Sometimes, only last names are found within an entry. This can lead to confusion with names (Ex: “Taylor” can query both “Edwin Taylor” and “Brook Taylor” from the DB). This will be handled in the later phase.

Querying the Demographic Information

In this phase, we look through the names that are returned from the first phase of name grabbing. If the entry has a corresponding location in the database, we first check if the database entry correctly corresponds to the tagged entry by checking if the first name and last name of the individual matches our database entry. If only a last name exists, we only check the last names against one another. If it does, we add a dictionary containing all of the info corresponding to the name from the database to a list. If the entries first and last name does not match (meaning we have matched a name through our database but the individuals are not exactly the same) or was tagged by NER, we query Wikipedia through the Wikimedia API and return a dictionary containing the same headings as our database that is also added to the list. This dictionary entry is then added to our database so that it can be matched for any future processing. This is what makes the tool adaptive. The more indices and textbooks that are analyzed, the more new names that will be found by NER and added to the database. After all entries have been processed, we write the list of dictionaries to a csv.

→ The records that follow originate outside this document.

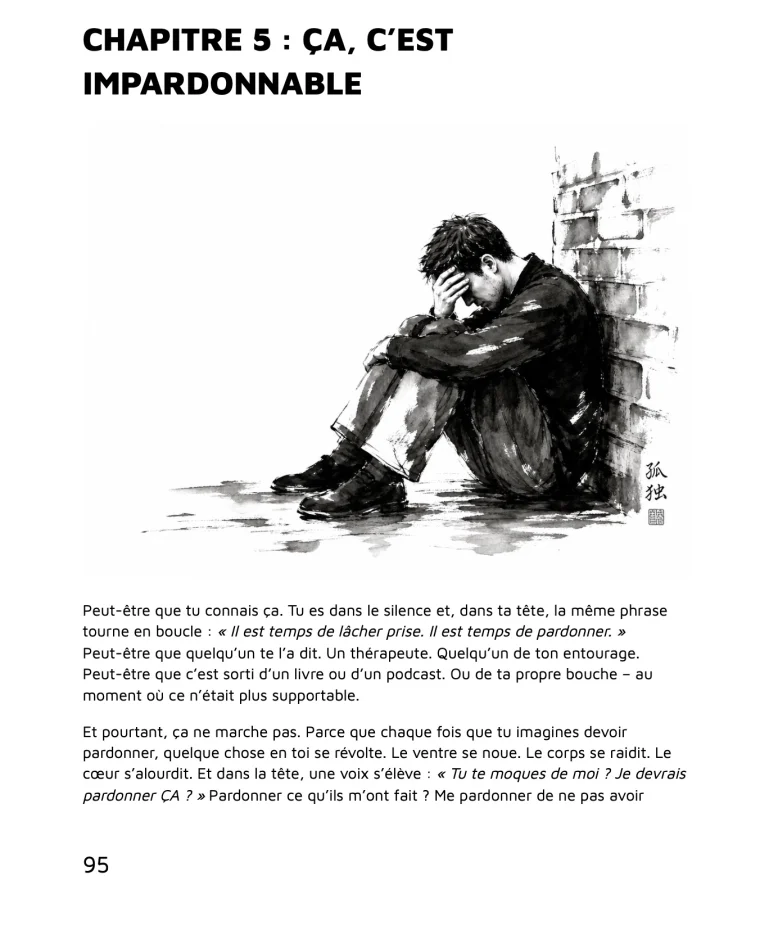 Lâche prise sur ce qui te détruit — Chapitre 5 : ça, c'est impardonnable — page 95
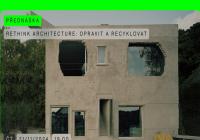 Rethink Architecture: Opravit a recyklovat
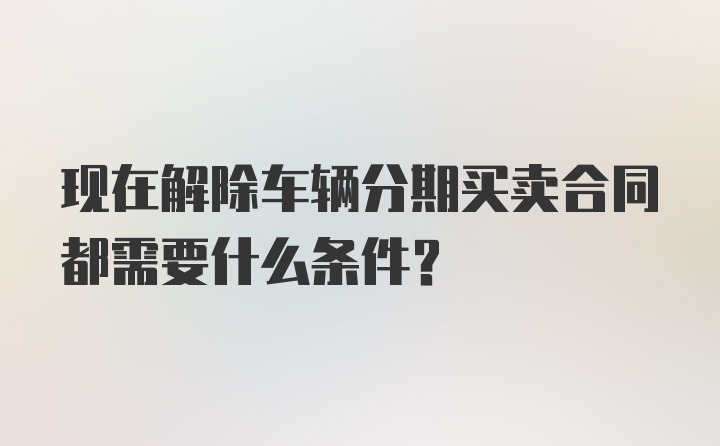 现在解除车辆分期买卖合同都需要什么条件？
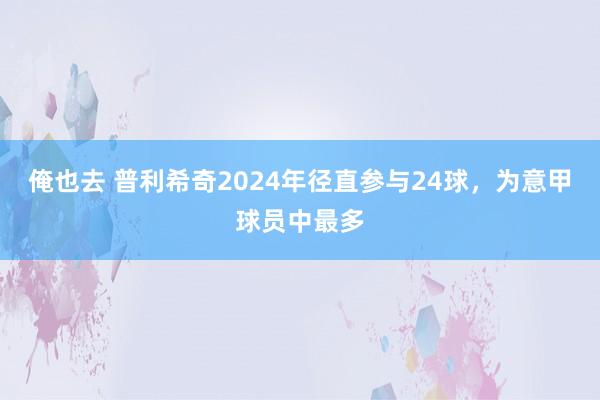 俺也去 普利希奇2024年径直参与24球，为意甲球员中最多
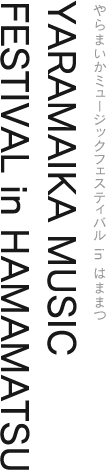 Yaramaika Music Festival in Hamamatsu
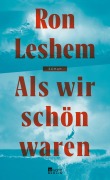Cover-Bild zum Titel 'Als wir schön waren' von 'Ron Leshem'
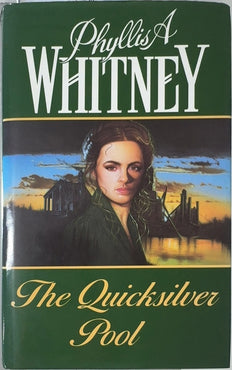 The Quicksilver Pool - By Phyllis A. Whitney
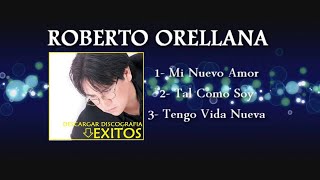 Roberto Orellana - 3 Canciones que Tocaran tu Corazón.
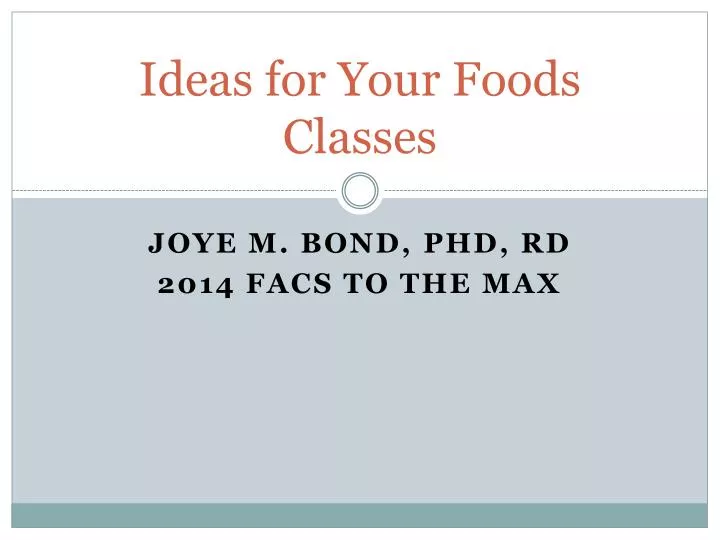 ideas for your foods classes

This is the final output of the tool.

Examples

Index

‘Helmholtz free energy’ -> (word tokenize) [‘Helmholtz’, ‘free’, ‘energy’] -> (Perform NER) -> (remove non-upper case) [‘Helmholtz’] -> (database match, return database dictionary) -> {‘Name’: ‘Helmholtz’, ‘Wiki Name’: ‘Hermann_von_Helmholtz’, ‘Human’: ‘human (Q5)’, ‘Sex’: ‘male (Q6581097)’, ‘Birth Location’: ‘Potsdam (Q1711)’, ‘Birth Country’: Germany, ‘Race’: ‘white’, ‘MatchName’: ‘HELMHOLTZ’, ‘FullName’: ‘Hermann Helmholtz’, ‘Wiki Race’: ‘’, ‘Matching Names’: TRUE] -> (write this entry to output csv)

Textbook

‘Helmholtz free energy is a very useful thermodynamic potential. It can have multiple uses.’ -> (sentence tokenize) [‘Helmholtz free energy is a very useful thermodynamic potential’, ‘It can have multiple uses’] -> (focus in on first element, word tokenize) [‘Helmholtz’, ‘free’, ‘energy’, ‘is’, ‘a’, ‘very’, ‘useful’, ‘thermodynamic’, ‘potential’] -> (perform NER) -> (remove non-upper case) [‘Helmholtz’] -> (database match, return database dictionary) -> {‘Name’: ‘Helmholtz’, ‘Wiki Name’: ‘Hermann_von_Helmholtz’, ‘Human’: ‘human (Q5)’, ‘Sex’: ‘male (Q6581097)’, ‘Birth Location’: ‘Potsdam (Q1711)’, ‘Birth Country’: Germany, ‘Race’: ‘white’, ‘MatchName’: ‘HELMHOLTZ’, ‘FullName’: ‘Hermann Helmholtz’, ‘Wiki Race’: ‘’, ‘Matching Names’: TRUE] -> (write this entry to output csv)

Sanitization

We check the “Matching Names” bool following the output of the csv. The “Matching Names” bool is True if the tagged entry matches the output entry, and False if otherwise. If True, the entry is left alone, but if marked as False, this indicates that the tagged entry differs from the queried entry. Usually, this results from OCR error, initial abbreviation mismatches (G. Zweig vs. George Zweig), full name mismatches (Edwin Taylor vs. Edwin F. Taylor) or accent mark mismatches (Rontgen vs. Roentgen). If that is the case, the entry is left alone. However, oftentimes if there is only a single name that is tagged, the incorrect entry may be queried (the tool may tag “Taylor” out of “Taylor Series” which should be attributed to “Brook Taylor”, however the automated querying may return “Edwin F. Taylor” instead) and this error must be manually corrected by requerying with the full name instead of only the partial.